_DATASET SECTION_:
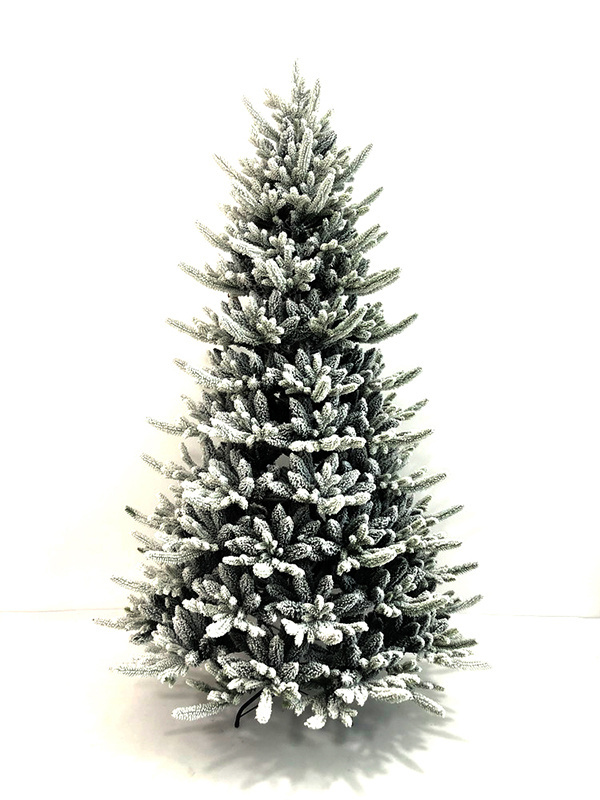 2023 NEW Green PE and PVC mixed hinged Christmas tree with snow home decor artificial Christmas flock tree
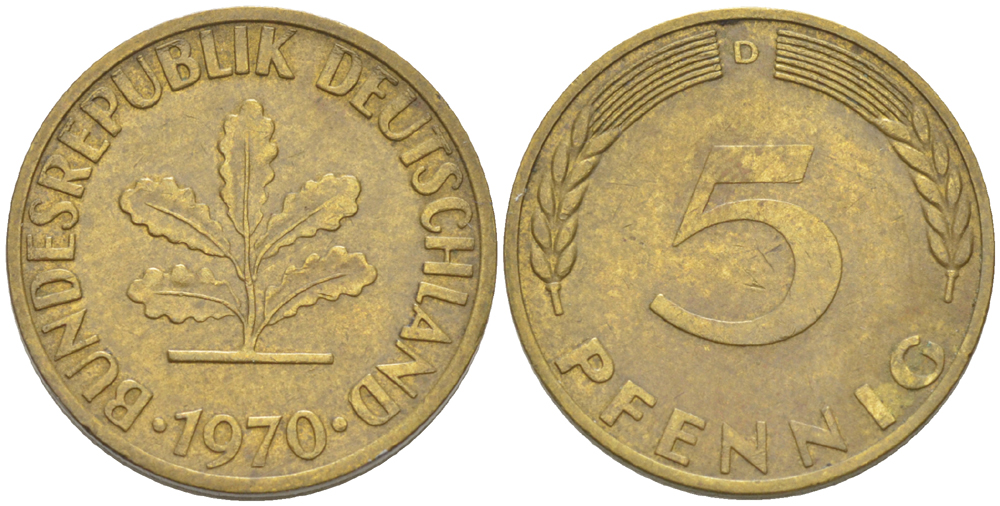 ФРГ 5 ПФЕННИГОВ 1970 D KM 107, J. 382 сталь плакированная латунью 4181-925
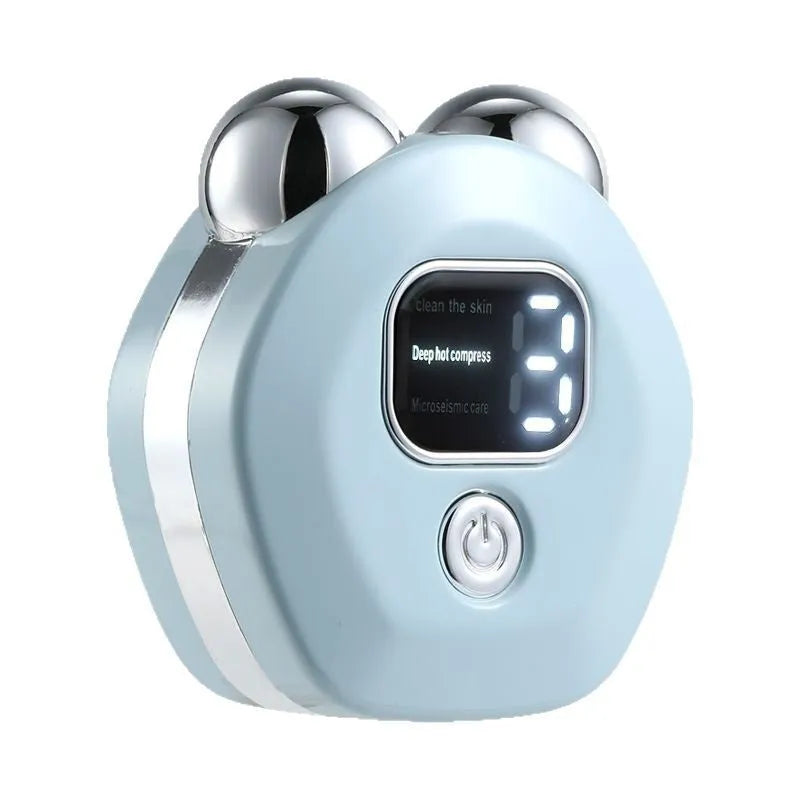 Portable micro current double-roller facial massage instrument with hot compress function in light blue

_TASK DETAILS_: Images should not appear in the copy; retype the listing above exactly.

_SOLUTION BELOW_:
 2023 NEW Green PE and PVC mixed hinged Christmas tree with snow home decor artificial Christmas flock tree
 ФРГ 5 ПФЕННИГОВ 1970 D KM 107, J. 382 сталь плакированная латунью 4181-925
 Portable micro current double-roller facial massage instrument with hot compress function in light blue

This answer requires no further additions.